If you can’t see the image, these are the steps you should follow to commit a common FAIL in statistics:
- Look at data.
- make a hypothesis based upon what you’ve observed.
- Run standard statistical tests as if you have chosen your hypothesis independent of the data.
- Publish your paper without mention of step #2 (i.e., that your analysis was data-dependent).
While not all statistics fails are of this kind, many are. The replication crisis is in part built upon this problem: see Gelman and Loken’s article:
Unwelcome though it may be, the important moral of the story is that the statistically significant p-value cannot be taken at face value — even if it is associated with a comparison that is consistent with an existing theory.

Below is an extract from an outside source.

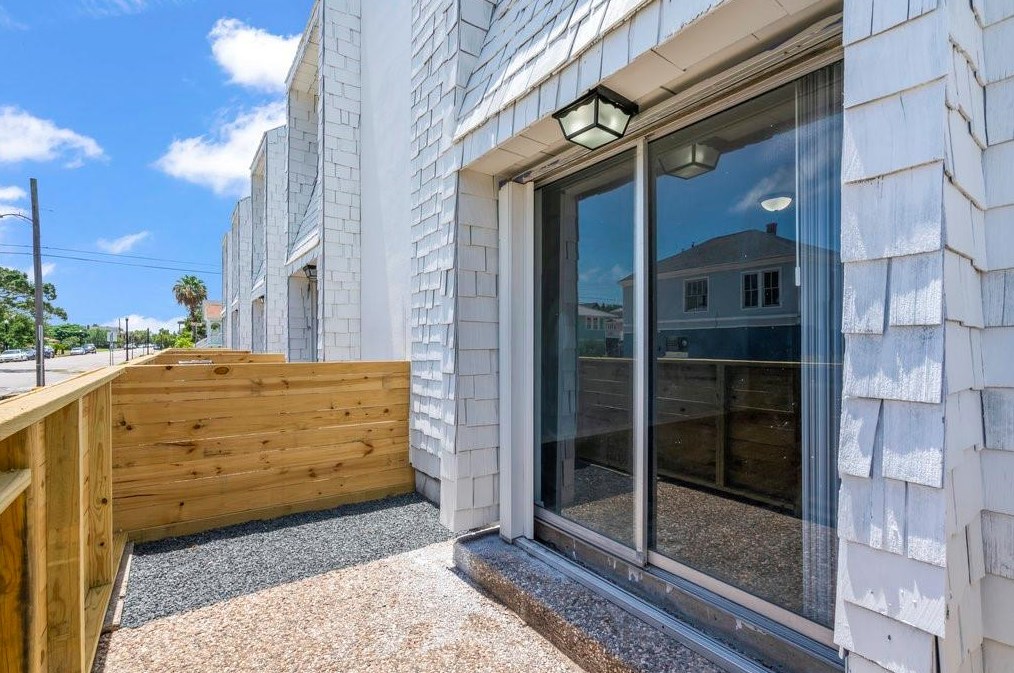 928 Postoffice St #4, Galveston, TX 77550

The problem is not p-values in-themselves. They are just a tool. And while we can argue over whether it is the right tool for the job, that would miss the point here: lack of openness in the process of science leads to misleading, even outright false claims being taken as “truth” by those of us reading the papers later.

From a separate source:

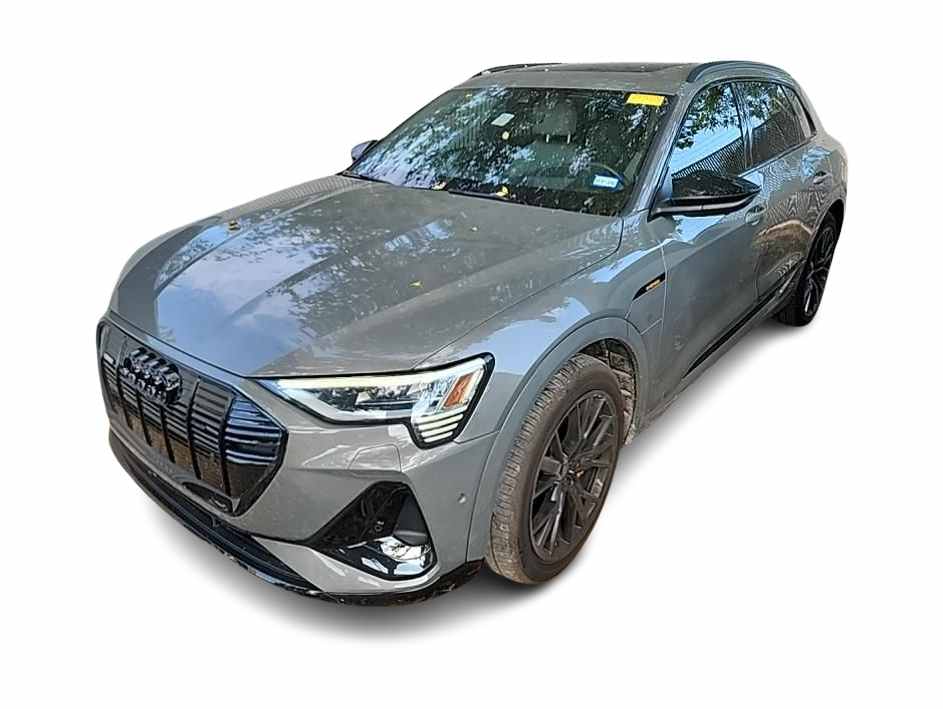 Thumbnail: 2023 Audi e-tron - 1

Often, researchers are NOT doing this consciously! They are simply falling prey to the downsides of a bad method they are hardly aware they are using.

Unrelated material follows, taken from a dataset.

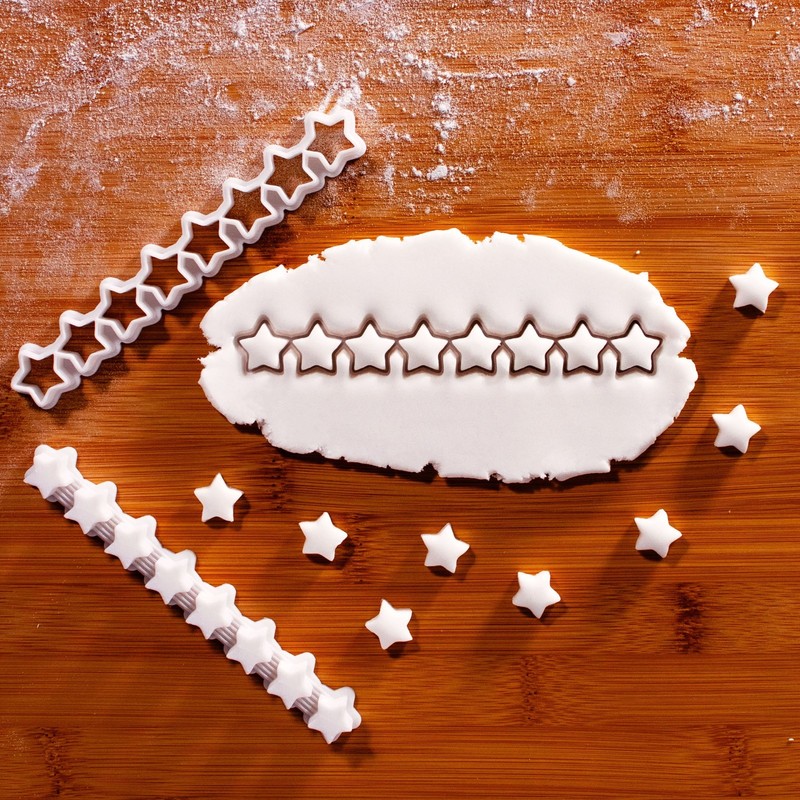 Dog Training Treat Cookie Cutter (8 Stars at Once) with Pusher Ejector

Openness and transparency about every step of the process is the key. Data-dependent analysis is sometimes appropriate, but readers should know how the process was conducted end-to-end. This is similar to the push for good documentation in computer programming so that the next person isn’t totally lost when reading your code. Science, like programming, is algorithmic — it’s a process. The more documentation we have of how each step was taken, the better.
Nothing in science should be taken at face-value. That goes for the entire process, not just p-values.
Now go lift something heavy,